To those of you lucky enough to have received your Framework 16 as I have, I’m wondering if anyone has figured out how to perform QMK configuration using VIA’s web platform.
I’m running Fedora 39. I’ve tried several Chromium browsers including Brave, Ungoogled Chromium, Chromium, and Google Chrome. I see the dialog where I choose my keyboard and click Connect. The dialog closes and nothing happens. The web page still shows the weird graphic that rolls back and forth. If I click Authorize Device again, the dialog now shows that the keyboard is paired, but still nothing happens.
Does the Framework 16 not ship with the necessary firmware? Is there an incompatibility with Fedora or Linux? Am I being thick?
Edit: I just discovered the Framework domain keyboard.frame.work which seems like a wrapper for usevia.app. Anyway, I tried it there and it still fails, but at least I get an error message there. I see the following two errors:
19:08:28.158
Failed to open the device.
Device: Framework Laptop 16 Keyboard Module - ANSI
Vid: 0x32AC
Pid: 0x0012
19:08:28.169
Received invalid protocol version from device
Device: Framework Laptop 16 Keyboard Module - ANSI
Vid: 0x32AC
Pid: 0x0012
You need to make sure that you’ve correctly configured your udev rules. the QMK repo has a copy that you should be able to copy directly into your conf.d folder and then reload the udev rules and then it should work.
The Framework keyboards do not work by default on the general Via site. The board definition files haven’t been added for them to be automatically recognized. keyboard.frame.work is a Framework hosted copy.

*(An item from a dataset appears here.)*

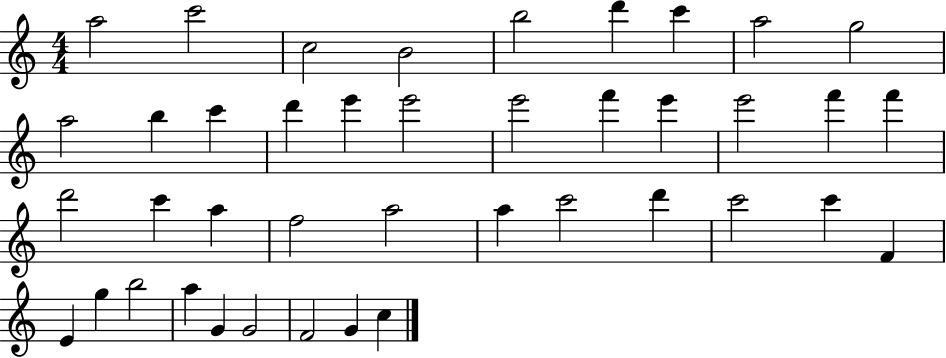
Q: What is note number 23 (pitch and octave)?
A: C6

@MJ1 I had tried that rules file after @undermark5 suggested it, but that didn’t do the trick. Thanks for the tip about keyboard.frame.work though, that did eventually work once I found the right udev rule. See below.
Since the udev rule at the QMK Github didn’t work, I ended up finding a Vial tutorial that ended up doing the trick for me. I followed the instructions here to make a device-specific rule here: Configuring udev on Linux - Vial
The rule that I ended up creating that works looks like this:
I am having the same problem but without a solution yet .
I use Ubuntu 22.04. I have the udev rules from qmk installed and reloaded. I also tried that additional udev rule above (tweaked to my user group just to see if it works). But to no avail.
The framework VIA page shows the same errors:
23:33:21.132
Failed to open the device.
Device: Framework Laptop 16 Keyboard Module - ANSI
Vid: 0x32AC
Pid: 0x0012
23:33:21.146
Received invalid protocol version from device
Device: Framework Laptop 16 Keyboard Module - ANSI
Vid: 0x32AC
Pid: 0x0012
In addition, chrome page chrome://device-log/ shows:
[23:26:14] Failed to open '/dev/hidraw3': FILE_ERROR_ACCESS_DENIED
[23:26:14] Access denied opening device read-write, trying read-only.
I was going to ask if your browser was installed as a normal package.
Snaps can have permission issues. And some snap browser builds just leave out WebHID support. It’s been reported that the snap Brave browser build does. What does this page say for you? https://webapicheck.com/apis/webhid-api
For your udev rule, you have GROUP="lexa"?
If neither of those are the problem, you could try just changing permissions on /dev/hidraw3. Mine is crw-rw-rw-+ on LinuxMint.
It works! Using deb package from google chrome itself…
So. that does indeed point to a snap permission issue (once again, snap is the culprit of something mysteriously not working…).
Via requires a browser with WebHID enabled. It works in Chrome, Edge, and other Google Chromium-based browsers.
Firefox has chosen not to enable WebHID.
Mozilla, which makes Firefox, believes that websites should not have low level access to hardware, so they have chosen not to enable WebHID, for the same reasons that they don’t support WebUSB.
Because many USB devices are not designed to handle potentially-malicious interactions over the USB protocols and because those devices can have significant effects on the computer they’re connected to, we believe that the security risks of exposing USB devices to the Web are too broad to risk exposing users to them or to explain properly to end users to obtain meaningful informed consent. It also poses risks that sites could use USB device identity or data stored on USB devices as tracking identifiers.
Via has an electron wrapper that could also be used github.com/the-via/releases/releases (you need to load the Framework draft definition). But I found it hard to get it to detect a keyboard reliably.
One of the reason I much prefer Vial. It has desktop apps for Windows, Linux, Mac. Doesn’t rely on a website and giving it low level access to hardware. Though Vial does still offer a website configurer if you so desire.